Offset Size Field Description
0 4 magic Always GGUF (0x47475546)
4 4 version Format version (currently 3)
8 8 tensor_count Number of tensors in the file
16 8 metadata_kv_count Number of metadata key-value pairs

Metadata Value Types

Each metadata entry stores a key (UTF-8 string) and a typed value:

ID Type Size (bytes) Go Type
0 UINT8 1 uint8
1 INT8 1 int8
2 UINT16 2 uint16
3 INT16 2 int16
4 FLOAT16 2 uint16 (raw bits)
5 UINT32 4 uint32
6 INT32 4 int32
7 FLOAT32 4 float32
8 BOOL 1 bool
9 STRING variable string
10 ARRAY variable ArrayValue
11 UINT64 8 uint64
12 INT64 8 int64
13 FLOAT64 8 float64

Array Values

Arrays contain a nested type tag and count:

element_type: uint32    // One of the value types above
count:        uint64    // Number of elements
elements:     variable  // count × element data

Tensor Info

Each tensor entry describes a weight matrix:

Field Type Description
name_length uint64 Length of tensor name in bytes
name utf8 Tensor name (e.g., blk.0.attn_q.weight)
n_dims uint32 Number of dimensions (1-4 per spec)
dims uint64[n_dims] Size of each dimension
type uint32 GGML quantization type
offset uint64 Byte offset from start of tensor data section

The total data size for a tensor is calculated as:

n_elements = dims[0] × dims[1] × ... × dims[n_dims-1]
n_blocks = ceil(n_elements / block_size)
data_size = n_blocks × type_size

Alignment

Padding zeros are inserted between the tensor info section and tensor data to align to a boundary:

  • Default: 32 bytes
  • Configurable: via general.alignment metadata key

Critical Attack Surface

The general.alignment key directly controls padding calculations.
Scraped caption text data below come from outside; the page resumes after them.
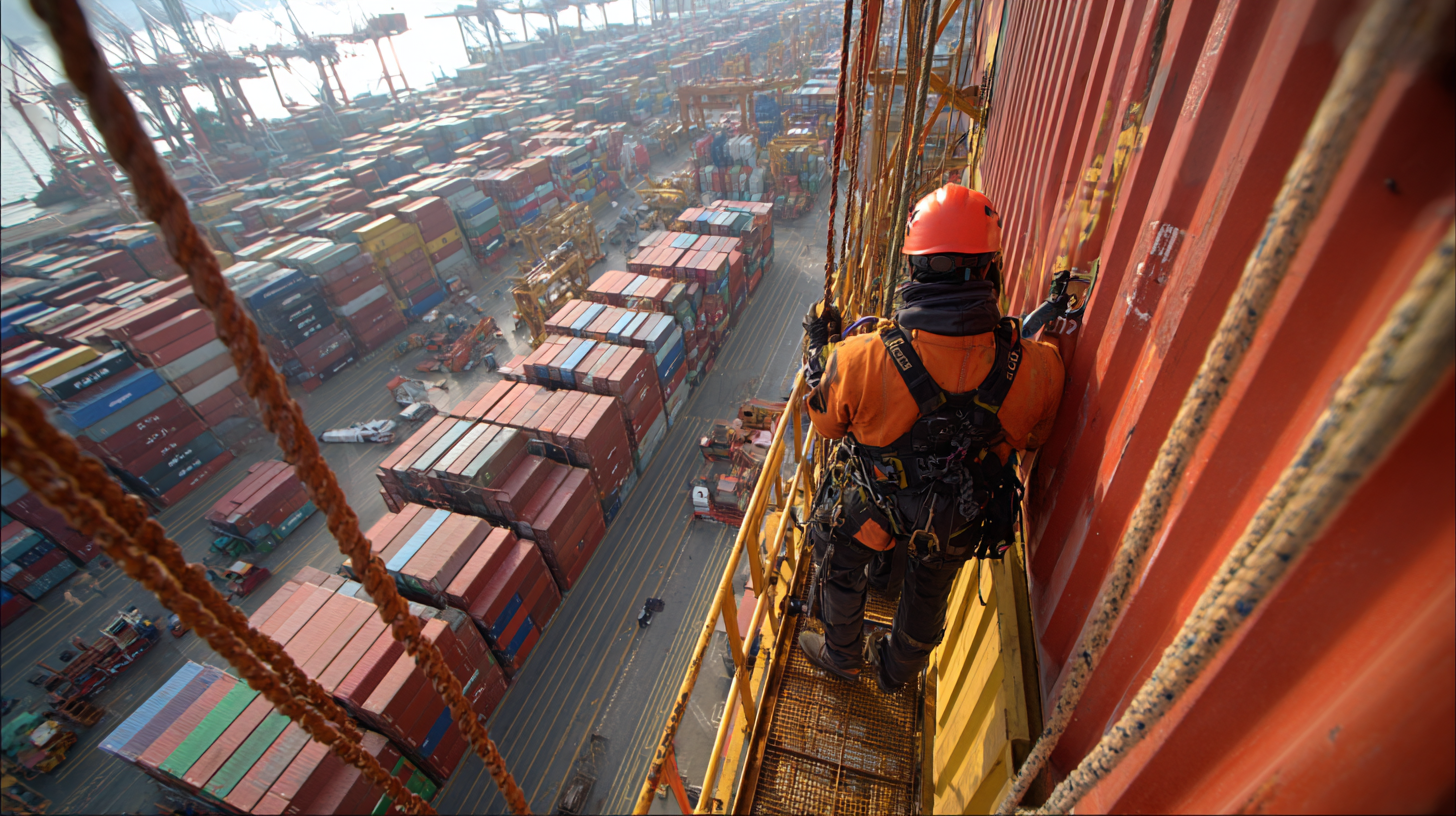 Mastering Import Export Certifications for Best Dunlop Mast Climbers in Global Procurement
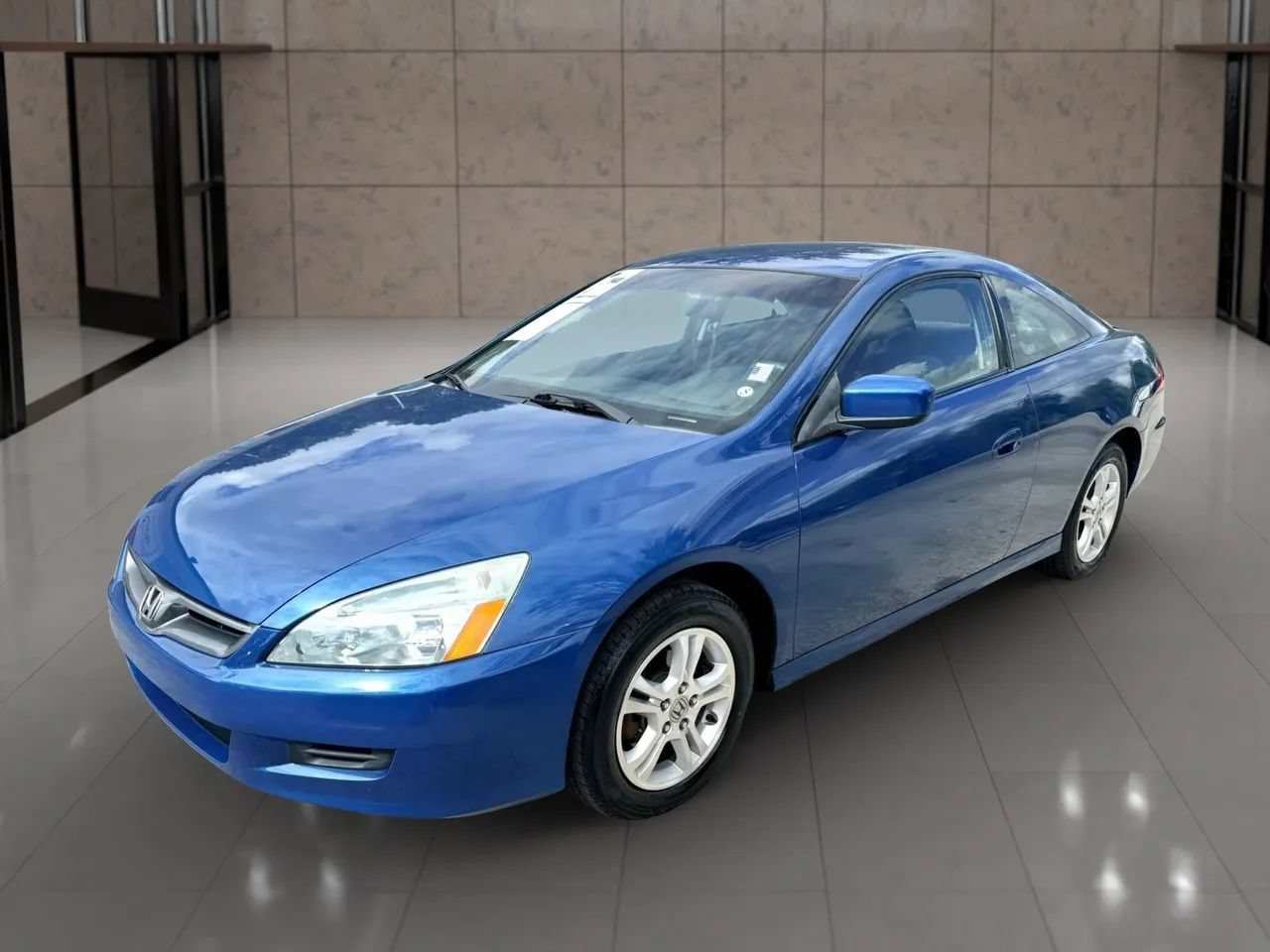 Used 2007 Honda Accord LX image 7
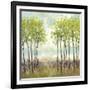 Foxwood I-Wani Pasion-Framed Giclee Print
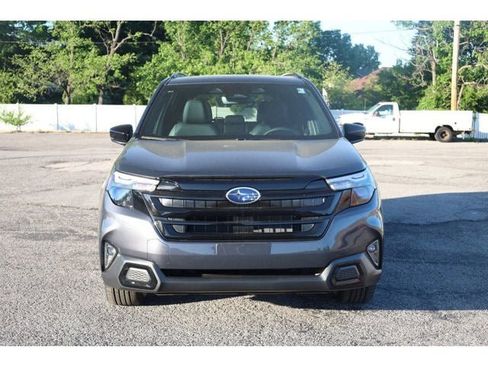 New 2026 Subaru Forester Sport AWD/4WD image 29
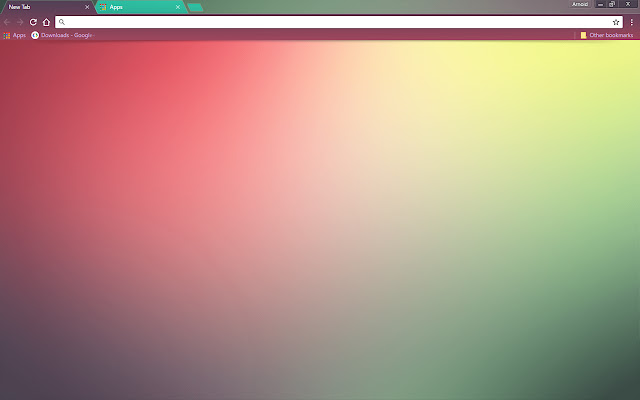 Color Fusion chrome谷歌浏览器插件_扩展第1张截图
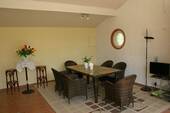 Gartenzimmer - 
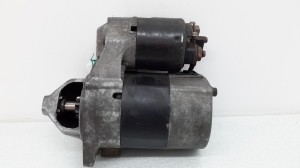 Mercedes Benz A-Class 168 (1997–2004) Anlasser A0051512101 - 2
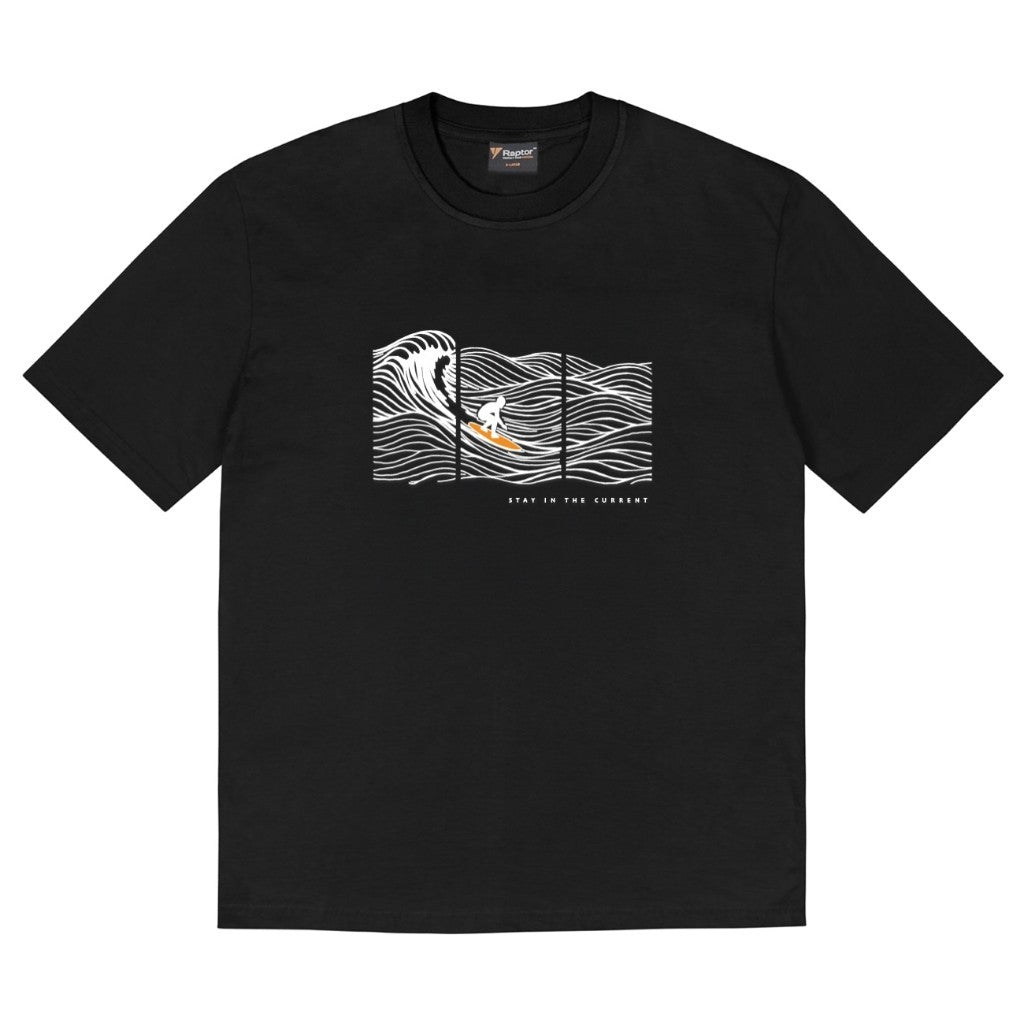 Raptor Archipelago Shirt (Surf)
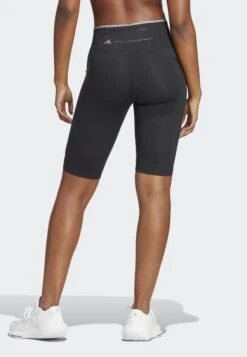 Asmc Tpa Bike T - Leggings - Black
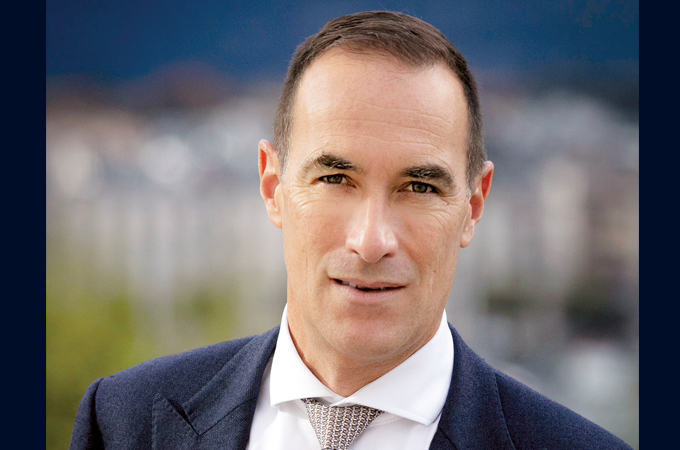  Kempinski Hotels S.A appoints key personnel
Setting it to 0 causes division-by-zero. Setting it to UINT32_MAX causes massive memory allocation. This is where Cisco Talos found heap buffer overflows (CVSS 8.8) in llama.cpp.

Common Metadata Keys

Key Type Description
general.architecture STRING Model architecture (llama, falcon, etc.)
general.name STRING Human-readable model name
general.file_type UINT32 Quantization file type
general.alignment UINT32 Byte alignment for padding
general.quantization_version UINT32 Quantization version
tokenizer.ggml.model STRING Tokenizer model type
tokenizer.ggml.tokens ARRAY[STRING] Token vocabulary
tokenizer.ggml.scores ARRAY[FLOAT32] Token scores

Byte Order

All multi-byte fields are little-endian. The magic bytes are stored as 0x47 0x47 0x55 0x46 on disk, which reads sequentially as "GGUF" (G=0x47, G=0x47, U=0x55, F=0x46).